* AVAILABLE DATA
+ + + + + + +

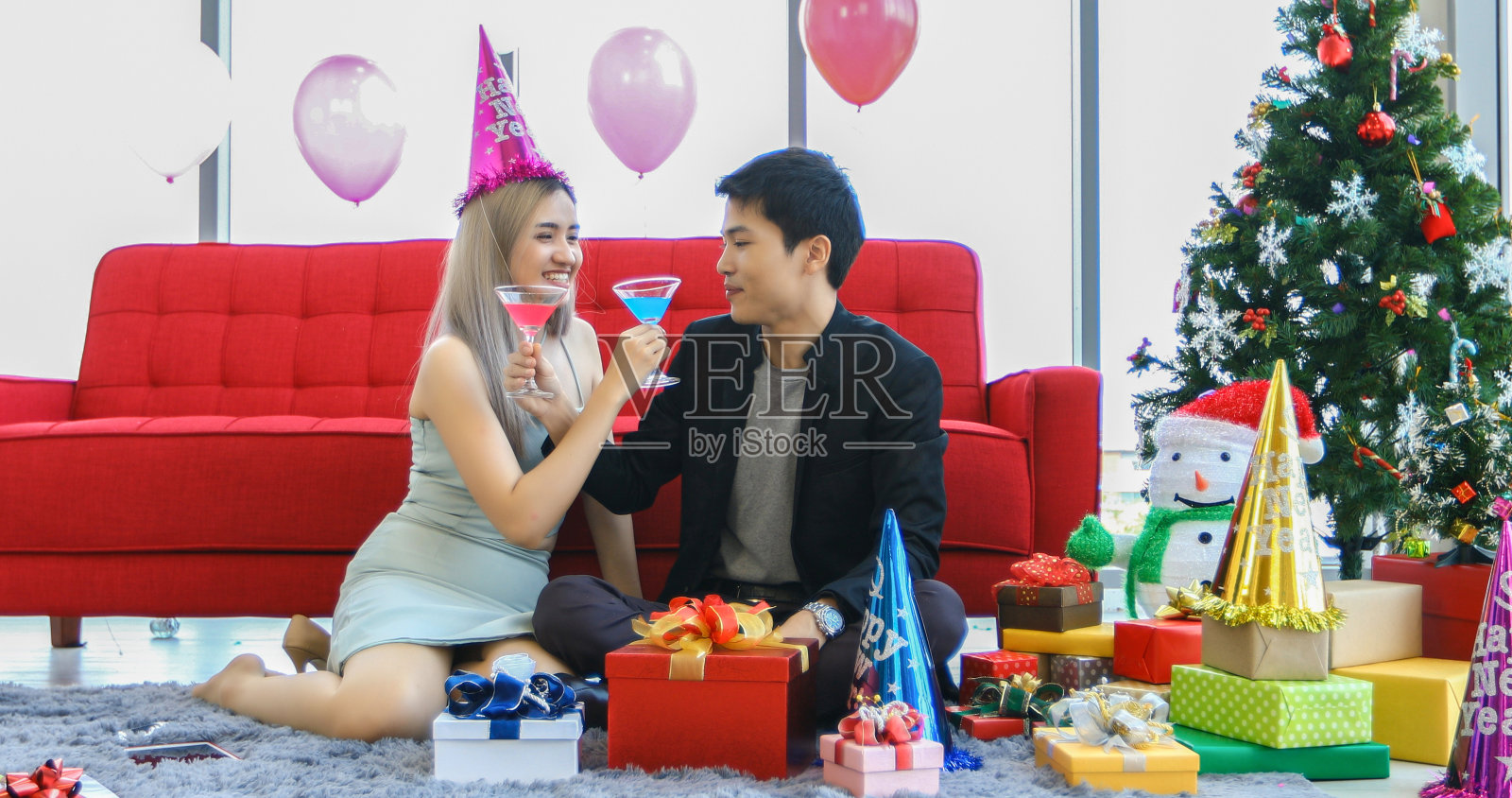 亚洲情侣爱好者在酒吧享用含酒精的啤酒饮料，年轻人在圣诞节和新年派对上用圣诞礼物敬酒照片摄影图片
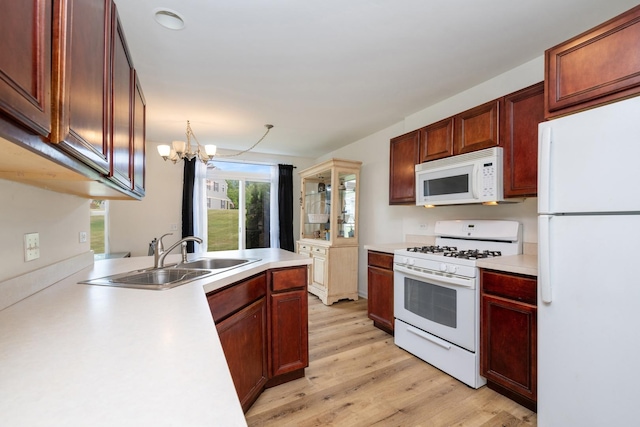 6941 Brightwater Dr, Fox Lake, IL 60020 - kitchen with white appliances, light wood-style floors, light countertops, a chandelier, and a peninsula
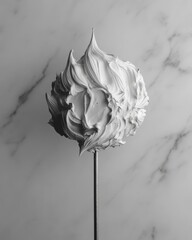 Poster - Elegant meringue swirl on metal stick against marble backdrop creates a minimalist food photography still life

+ + + + + + +

* YOUR GOAL
Output the complete listing exactly as it appears, except for the images.

* ANSWER SPACE
 亚洲情侣爱好者在酒吧享用含酒精的啤酒饮料，年轻人在圣诞节和新年派对上用圣诞礼物敬酒照片摄影图片
 6941 Brightwater Dr, Fox Lake, IL 60020 - kitchen with white appliances, light wood-style floors, light countertops, a chandelier, and a peninsula
 Poster - Elegant meringue swirl on metal stick against marble backdrop creates a minimalist food photography still life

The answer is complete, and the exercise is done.